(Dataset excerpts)
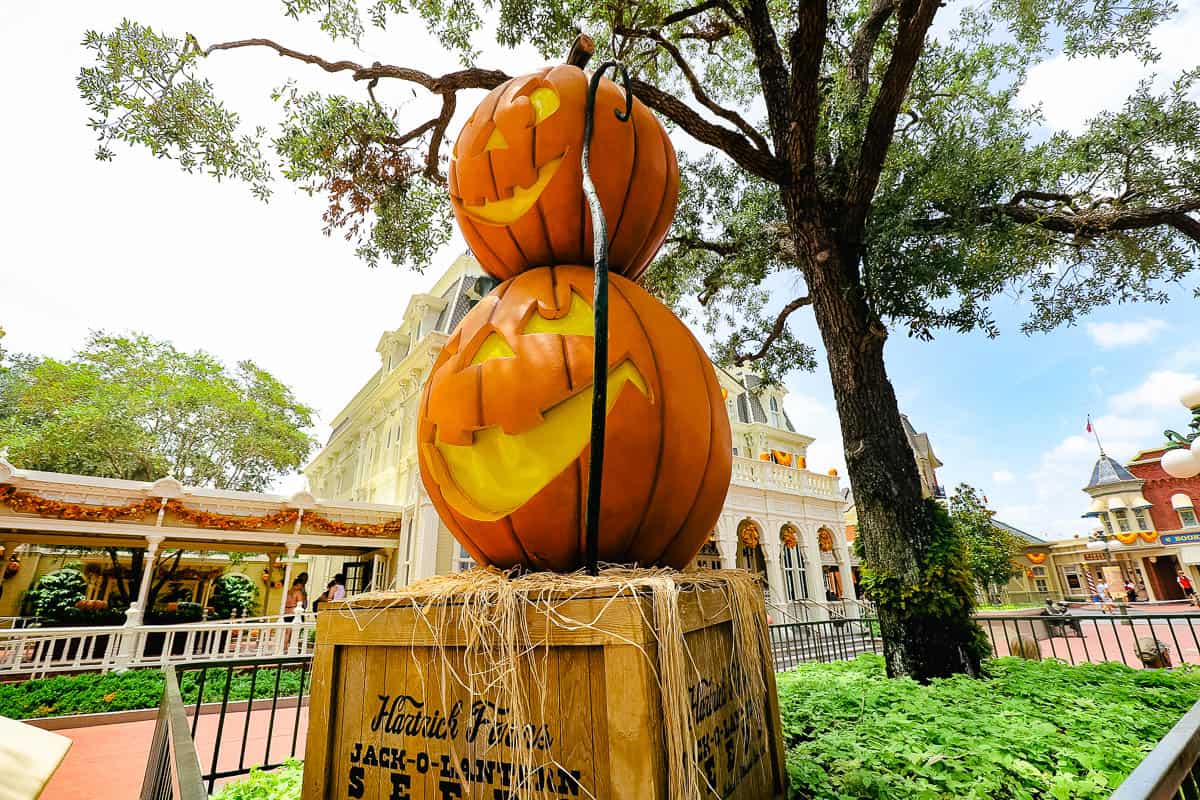 90+ Photos of the Halloween Decorations at Walt Disney World (2022)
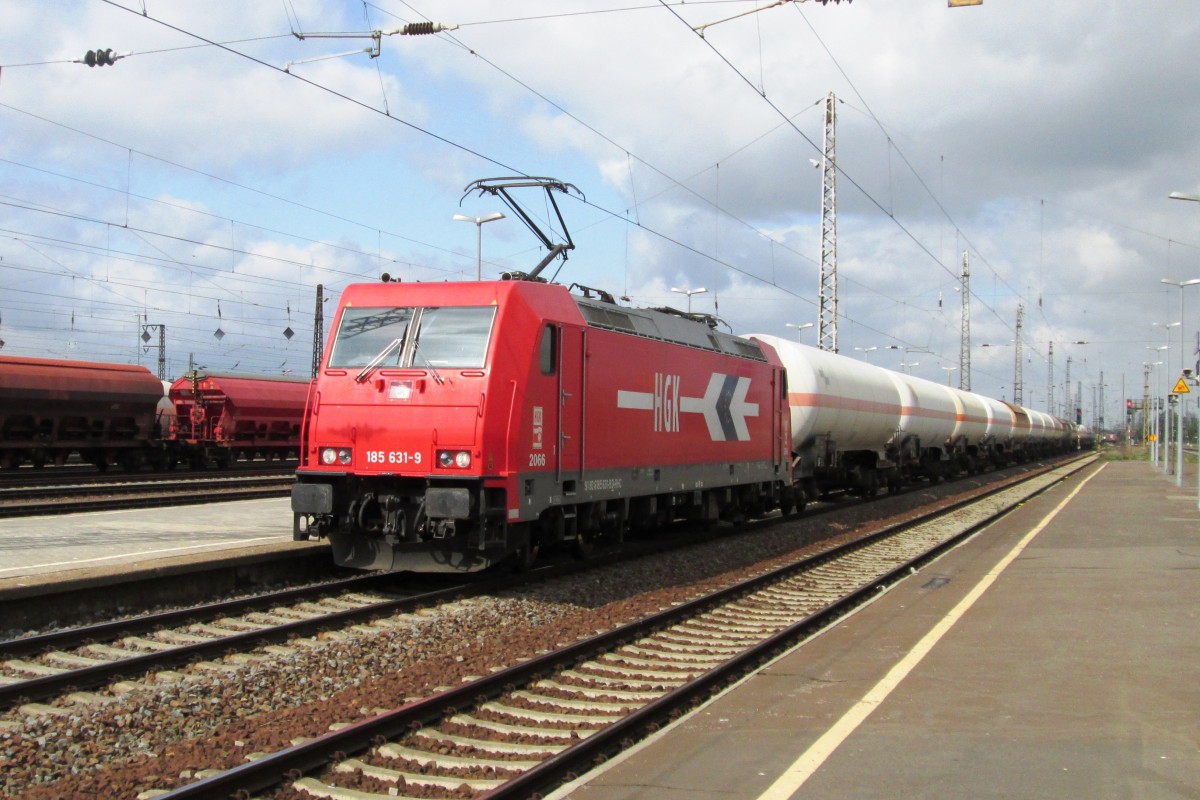 Am 12 April 2014 pausiert HGK 185 631 in Grosskorbetha.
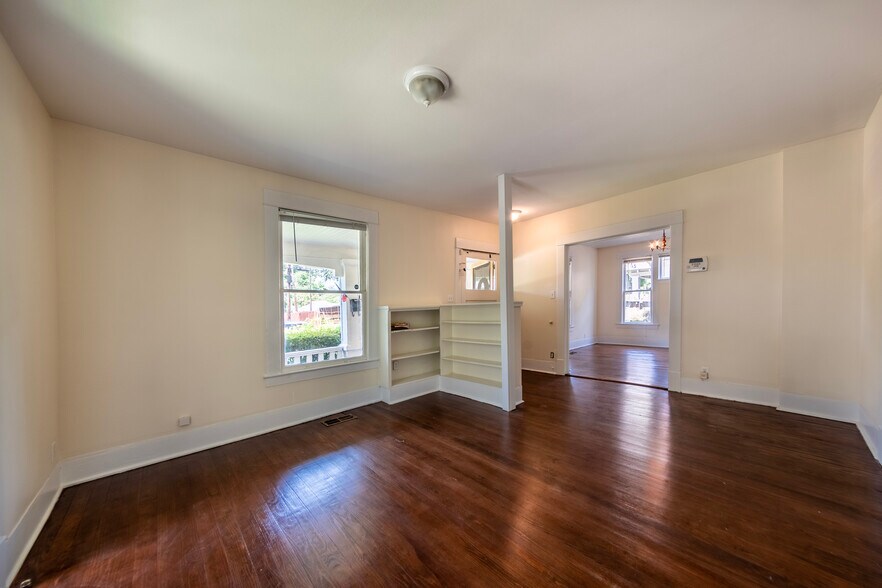Building Photo - 5336 Junius St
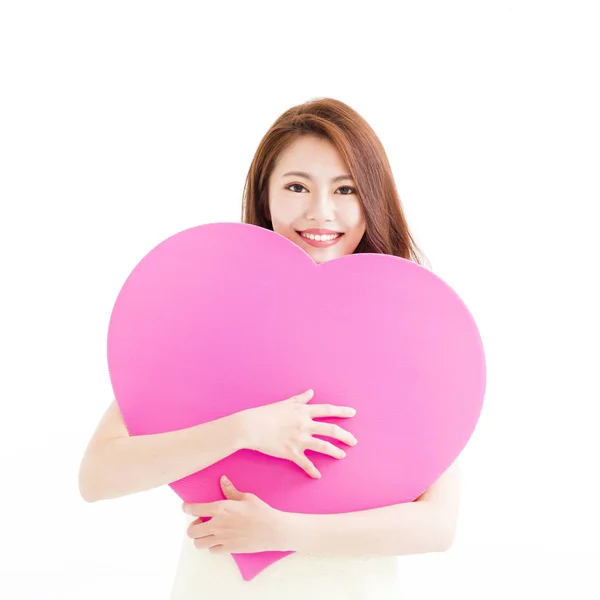 Krásná žena v lásce a drží tvar srdce — Stock fotografie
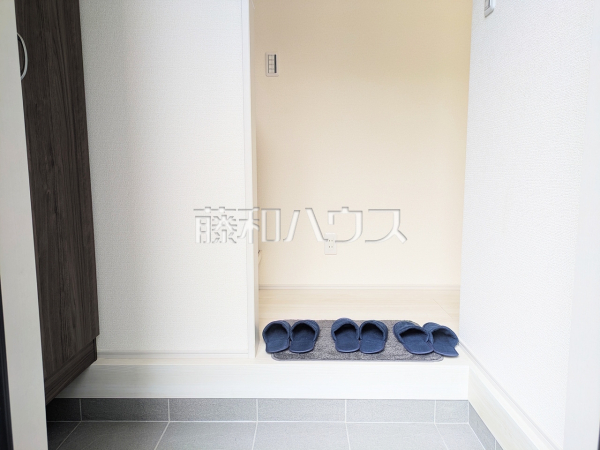 玄関　【富士見市渡戸３丁目】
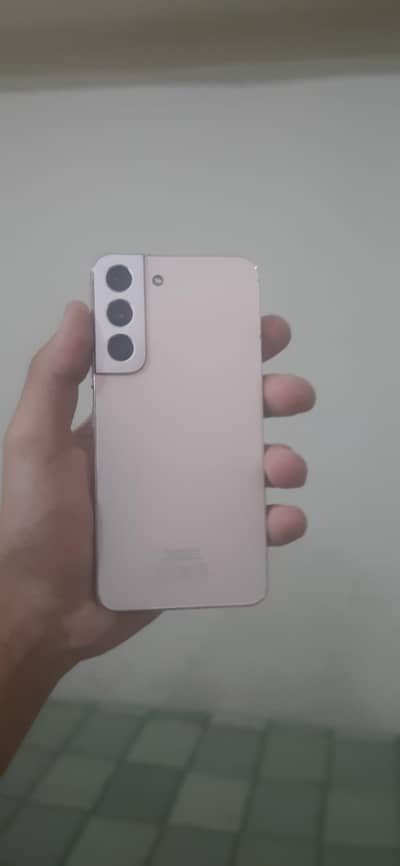 Samsung S22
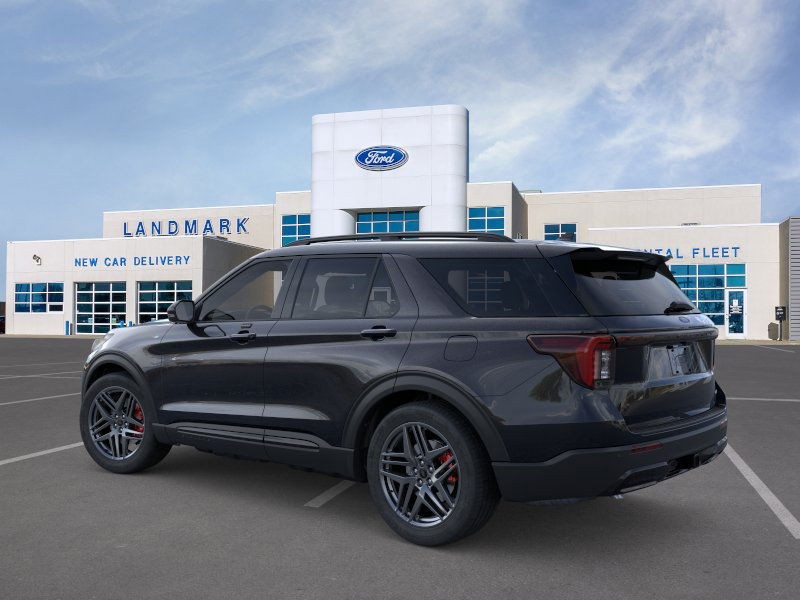 Ford Explorer Vehicle Full-screen Gallery Image 4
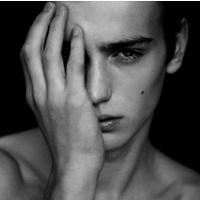 欧美范高冷男生黑白个性头像图片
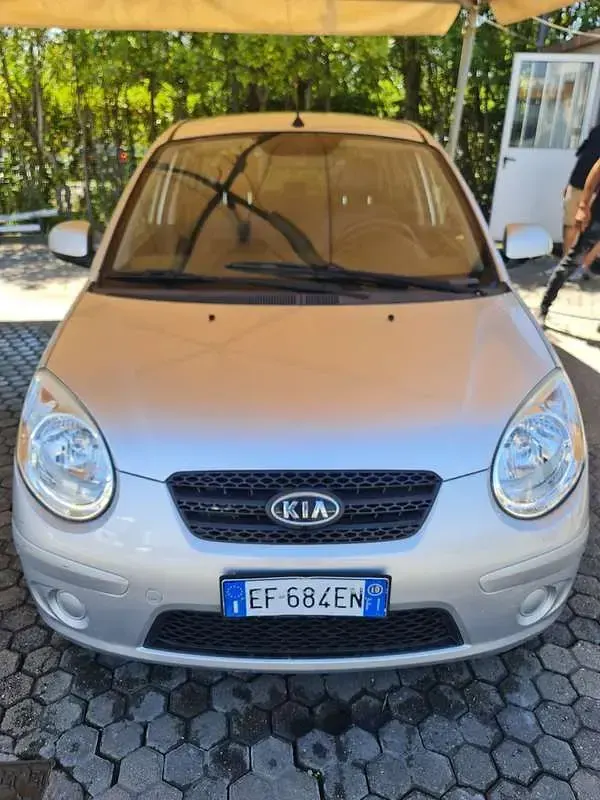 Usata Kia Picanto 63 CV (46 kW) 2010 Utilitaria
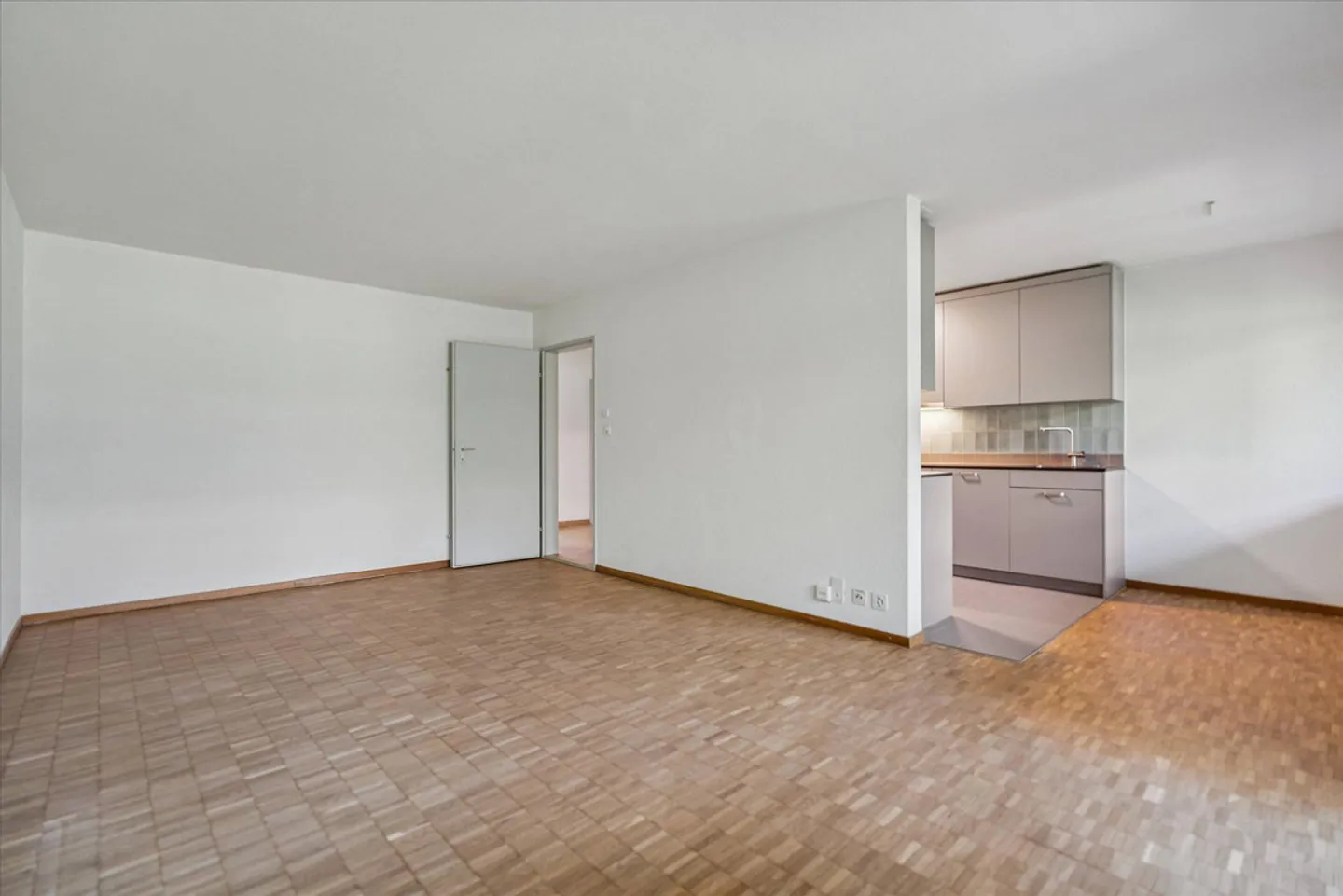 Affittare senza deposito - Prima occupazione dopo ristrutturazione in una posizione tranquilla - Foto 1 di 10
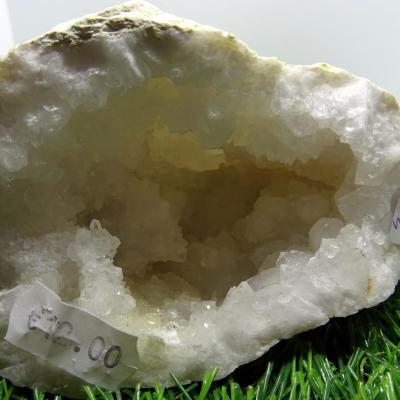 Géode  Cristal de Roche (14) 637 g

◆ **WORK TASK**: With the pictures left out, copy exactly the lines from the one containing "Samsung S22" through the last line of the data.

◆ **WRITTEN ANSWER**:
 Samsung S22
 Ford Explorer Vehicle Full-screen Gallery Image 4
 欧美范高冷男生黑白个性头像图片
 Usata Kia Picanto 63 CV (46 kW) 2010 Utilitaria
 Affittare senza deposito - Prima occupazione dopo ristrutturazione in una posizione tranquilla - Foto 1 di 10
 Géode  Cristal de Roche (14) 637 g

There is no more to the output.